Dataset extract:
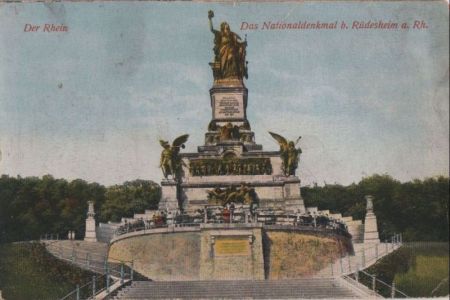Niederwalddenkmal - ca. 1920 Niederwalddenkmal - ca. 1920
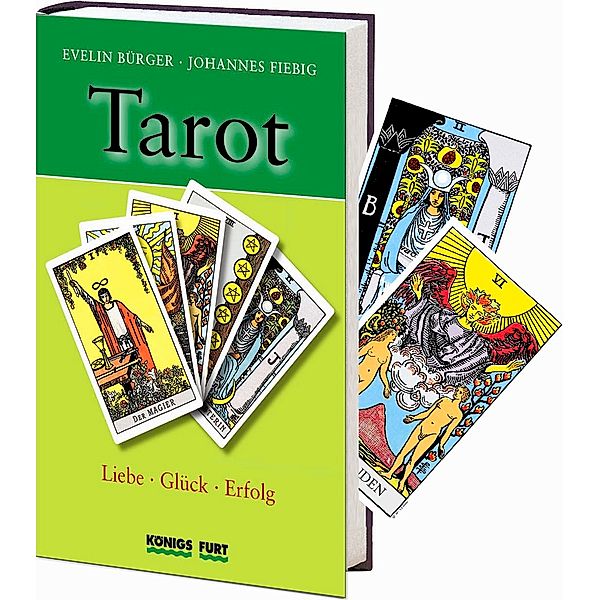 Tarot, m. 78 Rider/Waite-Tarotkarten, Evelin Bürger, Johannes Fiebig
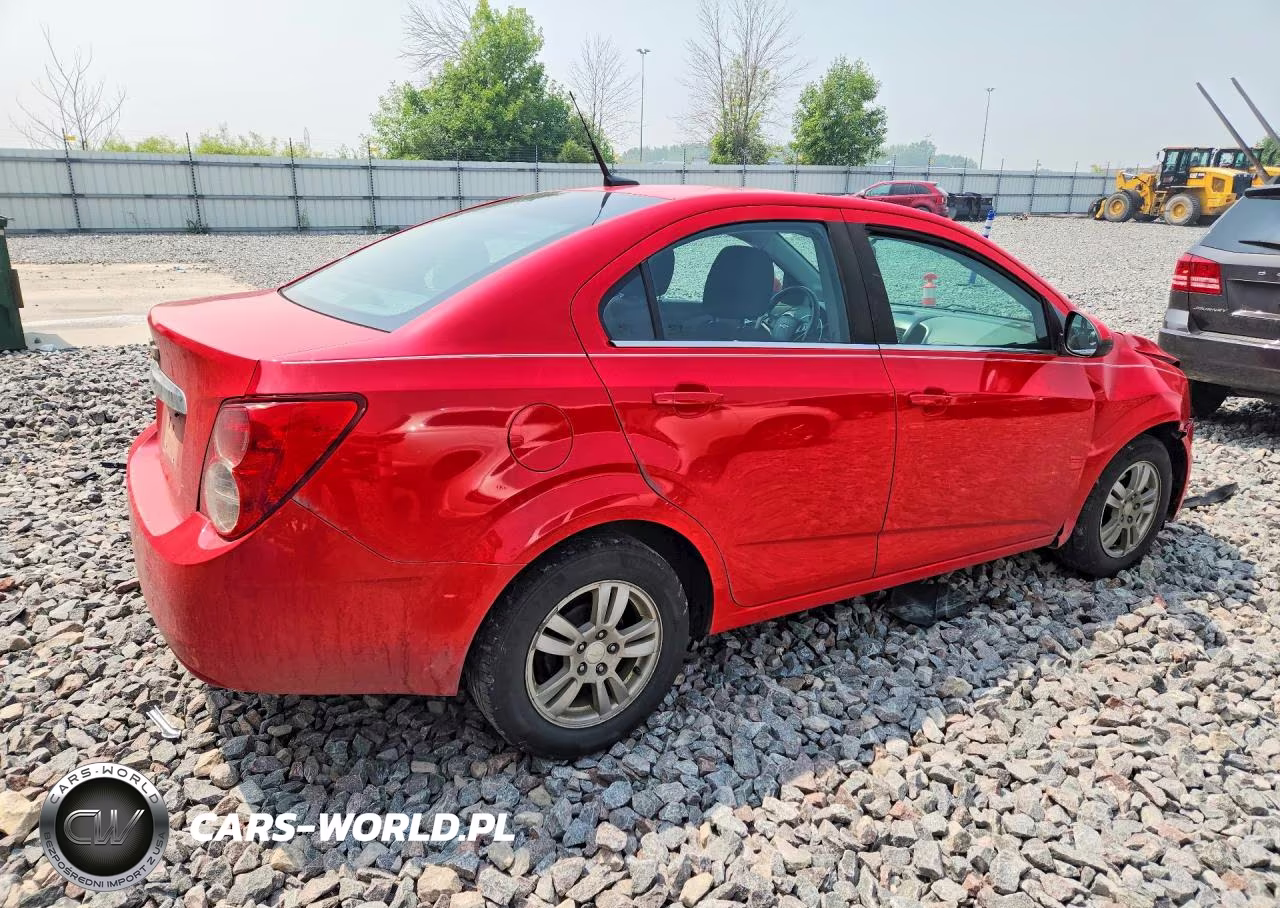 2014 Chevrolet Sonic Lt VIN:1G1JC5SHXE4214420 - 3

What to work on: Send back every line of the listing exactly. Omit the images.

Answer box:
Niederwalddenkmal - ca. 1920 Niederwalddenkmal - ca. 1920
 Tarot, m. 78 Rider/Waite-Tarotkarten, Evelin Bürger, Johannes Fiebig
 2014 Chevrolet Sonic Lt VIN:1G1JC5SHXE4214420 - 3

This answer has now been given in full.